I had an online conversation yesterday with an acquaintence of mine. She was alarmed to have found that her entire site's content had been republished by some other site!
Apparently, their site had been sucking on her site's RSS file for quite some time, and managed to download a sizeable chunk of data, which they subsequently republished with their own ads strewn about. And she's not the only one by a long shot.
If you're not aware of this phenomenon, it's generally referred to as "Splogging", for "spam blogging". The idea is usually to re-blog content form other people's blogs to gain emphasis on their popular terms for your splog site.
For example, if I wanted my site to be a popular search result for "student loans", first I would install a blog on my server. I would then use some software to aggregate, say, the Technorati feed for posts tagged with "student loans", which gives me a rich bed of content to start populating my site. Using some some dodgy plugins sold by less-than-respectable authors, I can even have WordPress do all of this work for me.
Then, I sprinkle a few links onto the splog that point to my money-making page, and voila! Instant PageRank!

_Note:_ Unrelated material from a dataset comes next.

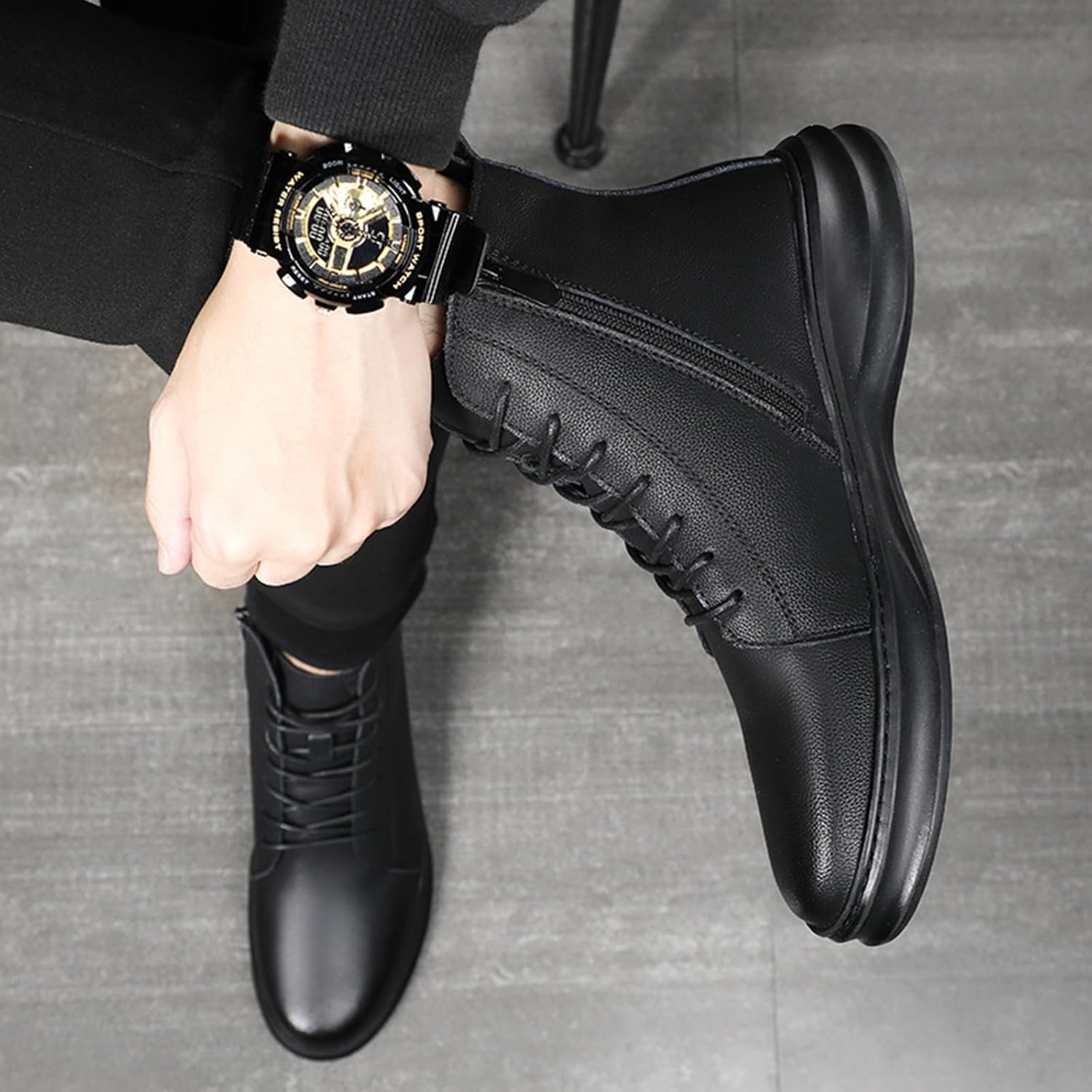 Men's Genuine Leather Ankle Boots Fashion Round Toe Lace Up Side Zipper High-Top Dress Oxfords Shoes Casual Comfort Non-slip Business Work Formal Chukka Boots - Image 6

The bottom line for bloggers is that your popular content will be stolen and used to fuel a link farm that profits someone else. How nice. So what do you do to combat it? I have a suggestion or two.If you're inclined to modify your server's configuration a little bit, there are actually a few things that you can do that are much more efficient than what I'm about to suggest. Check out Val's rant for a list of those things. It usually involves modifying .htaccess, which might be available to you, and is often tedious to keep on top of unless you're really vigilant (read: staring at your logs all the time).
An easy alternative to messing with your config files is using this new plugin I've written, called AntiLeech.
What does AntiLeech do? AntiLeech does not prevent the splogger bots from accessing your site. No, it does better than that. It produces a fake set of content especially for them that includes links back to your site (and mine, too, ok?) and sends it only to them. When they steal this content, it appears online just like normal, except now you've turned the tables on them. You're actually using the sploggers to promote your own site.
AntiLeech can detect a splogger bot using its User-Agent string (an identifier that some bots send when they are collecting data), or by IP address. You can enter a User-Agent or an IP address into the Options panel of your WordPress blog. When a visitor with a qualifying (any checked option on the options page) User-Agent or IP address visites your site, they will see only the generated content. They will see it in your page layout and in your feeds. Anywhere you're normally outputting content, that's where the fake content will appear to them.
Regular users whose browsers do not match these strings will see your normal content. RSS aggregators should be able to display your content normally, too.
AntiLeech also uses a trick to detect when new User-Agents have collected and displayed your posts. You may see a little "AntiLeech" graphic in your feed output. This graphic helps AntiLeech collect User-Agents that you might want to block. AntiLeech will tell you on what page it first saw the User-Agent, if it can, to help you better make the decision to block that User-Agent or not.
You can turn off this option if you don't want the image to appear in your feeds, but then AntiLeech won't be able to detect new User-Agents for you. The image is pretty small and unobtrusive, and doesn't link to anywhere.
In addition to all of that, AntiLeech will produce a robots.txt output from the User-Agents that you've specified in the options page, assuming you don't already have one. In WordPress 2.1 there is a hook for this already, but this feature of AntiLeech miraculously still works in WordPress 2.0, too!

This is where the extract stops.